Extension:CirrusSearch/Schema

CirrusSearch uses Elasticsearch as the underlying search engine. The schema used by CirrusSearch is defined through Elasticsearch index settings and mappings. Both the settings and mappings can be requested from any wiki running CirrusSearch to retrieve the current configuration. Attempts are made to keep the documentation here up to date, but the api responses contain the source of truth.


Analysis Chains Used

edit

CirrusSearch defines a variety of analysis chains that are used throughout the schema to allow search text fields in different way. These are exposed as sub properties when querying elasticsearch. For example the near_match analysis of the title field is typically exposed as title.near_match. There are no strict guarantees about the sub-property naming, but convention is for the property to share the name of the analyzer.
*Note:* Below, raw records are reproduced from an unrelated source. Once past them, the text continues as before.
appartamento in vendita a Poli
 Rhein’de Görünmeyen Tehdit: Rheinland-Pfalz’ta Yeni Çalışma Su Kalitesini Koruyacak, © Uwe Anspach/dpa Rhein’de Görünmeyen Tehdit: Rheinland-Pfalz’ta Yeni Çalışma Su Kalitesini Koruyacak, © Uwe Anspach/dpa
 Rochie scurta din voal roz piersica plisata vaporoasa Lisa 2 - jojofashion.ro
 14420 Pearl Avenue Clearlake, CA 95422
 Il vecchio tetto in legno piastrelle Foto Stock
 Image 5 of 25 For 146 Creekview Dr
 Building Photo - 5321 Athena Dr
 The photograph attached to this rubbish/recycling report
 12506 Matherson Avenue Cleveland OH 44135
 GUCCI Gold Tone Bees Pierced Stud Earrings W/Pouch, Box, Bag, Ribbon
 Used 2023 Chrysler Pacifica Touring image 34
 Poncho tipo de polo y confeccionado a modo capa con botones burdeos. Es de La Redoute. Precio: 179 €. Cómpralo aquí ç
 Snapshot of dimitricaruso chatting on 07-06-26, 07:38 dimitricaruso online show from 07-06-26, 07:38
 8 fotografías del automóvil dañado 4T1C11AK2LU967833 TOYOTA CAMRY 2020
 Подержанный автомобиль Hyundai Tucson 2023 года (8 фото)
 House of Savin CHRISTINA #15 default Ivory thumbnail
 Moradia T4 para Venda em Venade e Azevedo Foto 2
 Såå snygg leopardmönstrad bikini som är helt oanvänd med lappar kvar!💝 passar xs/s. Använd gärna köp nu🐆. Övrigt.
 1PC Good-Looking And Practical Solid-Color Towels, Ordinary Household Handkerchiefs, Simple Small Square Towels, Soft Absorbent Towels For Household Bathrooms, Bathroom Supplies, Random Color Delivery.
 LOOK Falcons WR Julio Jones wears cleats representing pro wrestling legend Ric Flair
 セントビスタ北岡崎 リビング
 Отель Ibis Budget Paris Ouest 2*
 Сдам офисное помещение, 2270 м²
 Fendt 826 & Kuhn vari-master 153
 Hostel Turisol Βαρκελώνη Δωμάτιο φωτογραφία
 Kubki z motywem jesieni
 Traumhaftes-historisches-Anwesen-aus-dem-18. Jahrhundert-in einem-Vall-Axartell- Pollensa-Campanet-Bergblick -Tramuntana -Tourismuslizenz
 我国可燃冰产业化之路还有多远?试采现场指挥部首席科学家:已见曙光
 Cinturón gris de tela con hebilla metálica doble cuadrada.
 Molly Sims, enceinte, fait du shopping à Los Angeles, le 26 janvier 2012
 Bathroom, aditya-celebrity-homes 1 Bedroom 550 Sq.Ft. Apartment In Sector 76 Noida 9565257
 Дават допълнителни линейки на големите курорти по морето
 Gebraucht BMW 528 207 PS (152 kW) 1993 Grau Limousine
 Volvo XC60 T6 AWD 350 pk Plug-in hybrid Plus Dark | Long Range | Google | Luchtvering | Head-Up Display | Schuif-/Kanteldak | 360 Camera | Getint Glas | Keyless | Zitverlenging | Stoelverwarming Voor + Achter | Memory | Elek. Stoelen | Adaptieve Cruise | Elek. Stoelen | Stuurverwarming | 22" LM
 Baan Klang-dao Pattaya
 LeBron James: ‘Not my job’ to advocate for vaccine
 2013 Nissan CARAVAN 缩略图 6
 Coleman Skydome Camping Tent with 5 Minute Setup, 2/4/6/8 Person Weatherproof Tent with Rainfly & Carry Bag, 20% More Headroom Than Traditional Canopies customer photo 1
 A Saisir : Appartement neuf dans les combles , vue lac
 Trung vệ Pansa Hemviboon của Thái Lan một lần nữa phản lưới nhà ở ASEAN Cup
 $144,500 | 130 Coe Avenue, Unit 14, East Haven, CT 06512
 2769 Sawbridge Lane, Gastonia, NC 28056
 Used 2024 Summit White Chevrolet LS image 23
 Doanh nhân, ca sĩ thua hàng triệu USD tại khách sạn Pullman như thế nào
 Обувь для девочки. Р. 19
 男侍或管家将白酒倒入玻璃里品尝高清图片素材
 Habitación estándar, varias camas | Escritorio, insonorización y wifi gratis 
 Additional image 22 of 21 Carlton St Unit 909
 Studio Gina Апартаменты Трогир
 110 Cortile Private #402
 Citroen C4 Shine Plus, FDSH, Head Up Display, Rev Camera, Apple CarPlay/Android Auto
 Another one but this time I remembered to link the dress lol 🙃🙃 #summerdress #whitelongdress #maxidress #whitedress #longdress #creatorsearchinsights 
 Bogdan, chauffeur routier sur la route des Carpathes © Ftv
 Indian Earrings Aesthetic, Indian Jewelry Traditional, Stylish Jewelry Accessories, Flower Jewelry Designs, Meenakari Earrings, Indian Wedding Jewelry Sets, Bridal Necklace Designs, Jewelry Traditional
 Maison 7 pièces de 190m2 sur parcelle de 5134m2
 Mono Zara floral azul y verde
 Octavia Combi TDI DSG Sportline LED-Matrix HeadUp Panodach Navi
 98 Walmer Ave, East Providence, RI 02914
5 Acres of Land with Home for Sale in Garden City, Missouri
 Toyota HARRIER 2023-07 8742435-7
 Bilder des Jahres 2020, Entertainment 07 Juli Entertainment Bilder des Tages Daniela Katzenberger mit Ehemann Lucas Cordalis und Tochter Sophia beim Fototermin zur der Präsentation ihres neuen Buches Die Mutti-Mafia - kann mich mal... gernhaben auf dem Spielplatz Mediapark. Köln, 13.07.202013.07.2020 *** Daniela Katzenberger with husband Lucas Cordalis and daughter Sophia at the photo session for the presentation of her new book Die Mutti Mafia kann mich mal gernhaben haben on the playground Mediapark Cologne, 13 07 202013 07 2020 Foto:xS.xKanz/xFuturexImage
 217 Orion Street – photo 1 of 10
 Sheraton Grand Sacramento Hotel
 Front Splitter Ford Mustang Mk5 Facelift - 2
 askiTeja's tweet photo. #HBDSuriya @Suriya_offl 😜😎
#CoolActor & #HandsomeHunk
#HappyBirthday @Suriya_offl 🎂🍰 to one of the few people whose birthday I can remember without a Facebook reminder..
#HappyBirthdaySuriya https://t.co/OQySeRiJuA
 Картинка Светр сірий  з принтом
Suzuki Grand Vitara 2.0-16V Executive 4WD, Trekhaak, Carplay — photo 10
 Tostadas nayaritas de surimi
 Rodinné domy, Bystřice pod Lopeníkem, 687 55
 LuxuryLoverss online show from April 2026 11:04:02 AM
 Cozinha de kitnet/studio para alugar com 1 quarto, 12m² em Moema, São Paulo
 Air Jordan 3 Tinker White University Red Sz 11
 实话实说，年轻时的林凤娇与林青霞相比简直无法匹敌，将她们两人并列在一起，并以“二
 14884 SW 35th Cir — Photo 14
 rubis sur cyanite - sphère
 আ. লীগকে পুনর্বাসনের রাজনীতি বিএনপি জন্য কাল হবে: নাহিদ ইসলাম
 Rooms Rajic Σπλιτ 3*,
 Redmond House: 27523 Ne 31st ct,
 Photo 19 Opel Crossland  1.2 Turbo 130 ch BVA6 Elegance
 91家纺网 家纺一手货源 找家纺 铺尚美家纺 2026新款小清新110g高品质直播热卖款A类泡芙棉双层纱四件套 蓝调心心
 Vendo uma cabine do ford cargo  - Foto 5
The results of using an analysis chain can be checked with the elasticsearch analyze API. This can be queried on the cloudelastic servers or by importing the settings provided by the cirrus-settings-dump api call into a local elasticsearch instance.

keyword

edit

Strict matching of the property text with the queried text. The text is not split into words, the whole text must match from beginning to end. The property text is truncated to 5000 characters, nothing after the first 5000 characters is taken into consideration when matching.

lowercase_keyword

edit

Identical to keyword, but with icu normalization and folding applied.

near_match

edit

Identical to keyword, but with additional flattening of various space-like tokens to spaces. This is used to power the "Go" functionality of CirrusSearch.

near_match_asciifolding

edit

Identical to lowercase_keyword, but with additional flattening of various space-like tokens to spaces.

plain

edit

Applied to textual content to represent the words in a method very close to the original words. Minimal transformations are applied. This only represents words, various special characters (quotes, commas, etc.) are removed in the tokenization step.

prefix

edit

Generates all possible prefixes of a keyword. ICU normalization is applied along with flattening of various space-like tokens to spaces. Any matching against a prefix must start from the very first character of the field.

prefix_asciifolding

edit

Similar to prefix, but with icu folding applied as well.

trigram

edit

Generates trigrams, or three character sequences, of the textual content. This is primarily used to accelerate regex search. For example the string "example text" will yield the tokens: "exa", "xam", "amp", "mpl", "ple", "le ", "e t", " te", "tex", "ext"

text

edit

Standard analyzer for text content. This is similar to the plain analyzer but with more aggressive normalization applied to the content. These normalizations may include stop word filtering, stemming, and other language specific handling.

short_text

edit

Similar to the text analyzer, but specialized for short text strings such as headings and titles.

source_text_plain

edit

Analyzer primarily used against wikitext to provide word level queries. Uses only icu normalization along with some special rules to help separate words seen in wikitext.

suggest

edit

Shingled analzer used to power search suggestions (aka did you mean). Shingles are similar to trigrams, but operate on the word level instead of the character level. This analyzer is configured to emit 1, 2 and 3-grams. For example the string "cats with hats" will emit the tokens: "cats", "cats with", "cats with hats", "with", "with hats", "hats"

token_count

edit

Reports the number of tokens in a field, rather than the textual content.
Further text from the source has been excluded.